標高185mくらいの、山頂付近に本丸があって、目の前に日本海の直江津港から内陸の水田が広がる上越市が一望できる。空気中の水蒸気が多いので、見通しは悪く、デジカメで撮った市街地はかすんでしまっていたので、画像処理でカスミをはずしてみた。きたきつねのねぐらが写っていた。

050717_4帰ろうとして方向音痴のきたきつねらしく道を間違ってしまった。仕方がないので、標識にある「五智国分寺」に行くことにした。細い道を進むと、国分寺に到着した。山門、三重塔がある静かな佇まいのお寺で、本尊の大日如来を拝ませてもらった。

050717_5境内には「薬欄にいづれの花をくさ枕」の芭蕉の句碑があった。

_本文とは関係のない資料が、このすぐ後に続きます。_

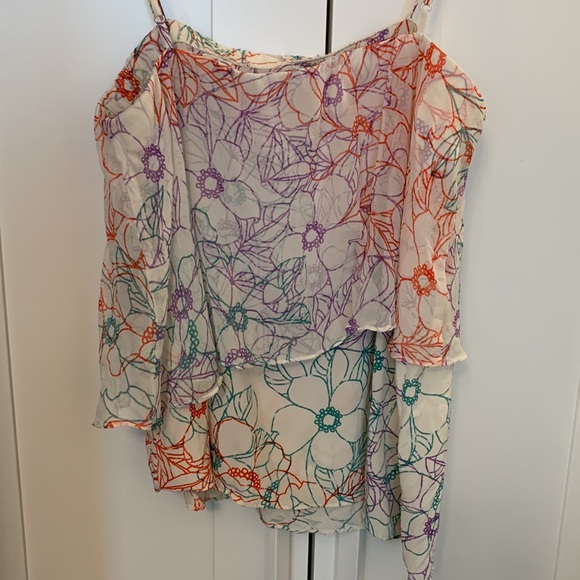 Anthropologie White Floral Camisole - Picture 5 of 7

上越は親鸞聖人配流の地ということで、ゆかりの場所が多いようだが、この国分寺で暮らしていたようだ。親鸞聖人が腰掛けた岩や石に残る足跡などがあった。せっかくなので、岩に腰掛けてみた。腰痛が治ると良いのだが、そんなことはないだろう。それよりも石の上に残るわらじの足跡を残すというのは、いくら親鸞聖人といえども不可能だろう。

帰りに山門のところで、椅子に座ってアイスを食べている茶店のおばちゃん三人に捕まった。風が通って涼しいから休んで行きなさいというので、ちょっと涼むことにした。確かに良い風が山門を抜けていく。「こんなに暑いと人が来ないので、商売もあがったり」ということらしい。